TASK DESCRIPTION: Reproduce precisely the lines between the start of the data below and the line with "[Plus&Max]STAR AND SUN", both included.

SUPPLIED RECORDS:
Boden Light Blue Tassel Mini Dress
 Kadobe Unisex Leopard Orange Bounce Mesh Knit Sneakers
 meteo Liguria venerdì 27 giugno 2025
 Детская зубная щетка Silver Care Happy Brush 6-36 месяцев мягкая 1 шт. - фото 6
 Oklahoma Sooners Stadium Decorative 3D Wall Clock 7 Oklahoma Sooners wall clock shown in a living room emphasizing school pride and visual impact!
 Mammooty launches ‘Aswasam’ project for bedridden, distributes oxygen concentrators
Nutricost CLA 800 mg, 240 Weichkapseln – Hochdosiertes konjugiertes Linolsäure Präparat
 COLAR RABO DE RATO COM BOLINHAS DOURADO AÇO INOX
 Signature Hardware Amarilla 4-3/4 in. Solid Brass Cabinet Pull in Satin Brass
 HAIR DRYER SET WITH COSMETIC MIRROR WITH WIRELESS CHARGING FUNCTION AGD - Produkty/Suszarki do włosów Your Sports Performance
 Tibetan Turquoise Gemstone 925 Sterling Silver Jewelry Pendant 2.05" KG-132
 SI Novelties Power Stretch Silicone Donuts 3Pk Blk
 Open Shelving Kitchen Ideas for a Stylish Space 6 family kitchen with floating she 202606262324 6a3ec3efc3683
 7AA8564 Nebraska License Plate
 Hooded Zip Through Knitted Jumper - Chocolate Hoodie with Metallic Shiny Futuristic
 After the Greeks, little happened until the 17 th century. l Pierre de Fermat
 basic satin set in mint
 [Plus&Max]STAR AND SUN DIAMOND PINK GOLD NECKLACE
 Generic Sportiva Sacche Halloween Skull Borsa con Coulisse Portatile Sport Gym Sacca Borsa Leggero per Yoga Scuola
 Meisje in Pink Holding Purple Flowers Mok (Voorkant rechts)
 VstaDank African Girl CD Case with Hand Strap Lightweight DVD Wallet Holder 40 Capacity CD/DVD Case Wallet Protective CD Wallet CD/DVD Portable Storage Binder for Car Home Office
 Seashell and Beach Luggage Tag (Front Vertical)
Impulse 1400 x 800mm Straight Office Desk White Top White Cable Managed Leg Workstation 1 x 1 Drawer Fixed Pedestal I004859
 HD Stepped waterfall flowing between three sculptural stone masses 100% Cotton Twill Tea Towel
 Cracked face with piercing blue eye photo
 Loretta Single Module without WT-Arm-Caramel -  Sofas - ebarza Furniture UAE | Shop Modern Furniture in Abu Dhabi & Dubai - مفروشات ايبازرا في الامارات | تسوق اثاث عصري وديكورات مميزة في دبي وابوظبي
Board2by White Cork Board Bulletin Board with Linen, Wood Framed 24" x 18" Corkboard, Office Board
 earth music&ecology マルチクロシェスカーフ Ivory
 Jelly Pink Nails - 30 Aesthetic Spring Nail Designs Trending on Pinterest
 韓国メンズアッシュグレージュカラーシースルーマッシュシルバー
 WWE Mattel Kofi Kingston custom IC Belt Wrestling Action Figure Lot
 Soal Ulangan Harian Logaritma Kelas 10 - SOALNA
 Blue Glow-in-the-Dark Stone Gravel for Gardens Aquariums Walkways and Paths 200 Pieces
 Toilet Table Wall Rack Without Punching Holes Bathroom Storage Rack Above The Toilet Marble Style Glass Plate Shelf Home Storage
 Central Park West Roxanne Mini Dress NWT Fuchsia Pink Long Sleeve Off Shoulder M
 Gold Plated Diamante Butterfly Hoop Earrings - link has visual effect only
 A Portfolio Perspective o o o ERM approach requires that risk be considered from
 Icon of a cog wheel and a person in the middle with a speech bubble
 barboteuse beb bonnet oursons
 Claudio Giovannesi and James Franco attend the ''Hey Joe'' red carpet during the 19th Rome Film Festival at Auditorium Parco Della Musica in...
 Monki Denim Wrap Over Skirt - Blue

PROBLEM SOLUTION:
Boden Light Blue Tassel Mini Dress
 Kadobe Unisex Leopard Orange Bounce Mesh Knit Sneakers
 meteo Liguria venerdì 27 giugno 2025
 Детская зубная щетка Silver Care Happy Brush 6-36 месяцев мягкая 1 шт. - фото 6
 Oklahoma Sooners Stadium Decorative 3D Wall Clock 7 Oklahoma Sooners wall clock shown in a living room emphasizing school pride and visual impact!
 Mammooty launches ‘Aswasam’ project for bedridden, distributes oxygen concentrators
Nutricost CLA 800 mg, 240 Weichkapseln – Hochdosiertes konjugiertes Linolsäure Präparat
 COLAR RABO DE RATO COM BOLINHAS DOURADO AÇO INOX
 Signature Hardware Amarilla 4-3/4 in. Solid Brass Cabinet Pull in Satin Brass
 HAIR DRYER SET WITH COSMETIC MIRROR WITH WIRELESS CHARGING FUNCTION AGD - Produkty/Suszarki do włosów Your Sports Performance
 Tibetan Turquoise Gemstone 925 Sterling Silver Jewelry Pendant 2.05" KG-132
 SI Novelties Power Stretch Silicone Donuts 3Pk Blk
 Open Shelving Kitchen Ideas for a Stylish Space 6 family kitchen with floating she 202606262324 6a3ec3efc3683
 7AA8564 Nebraska License Plate
 Hooded Zip Through Knitted Jumper - Chocolate Hoodie with Metallic Shiny Futuristic
 After the Greeks, little happened until the 17 th century. l Pierre de Fermat
 basic satin set in mint
 [Plus&Max]STAR AND SUN DIAMOND PINK GOLD NECKLACE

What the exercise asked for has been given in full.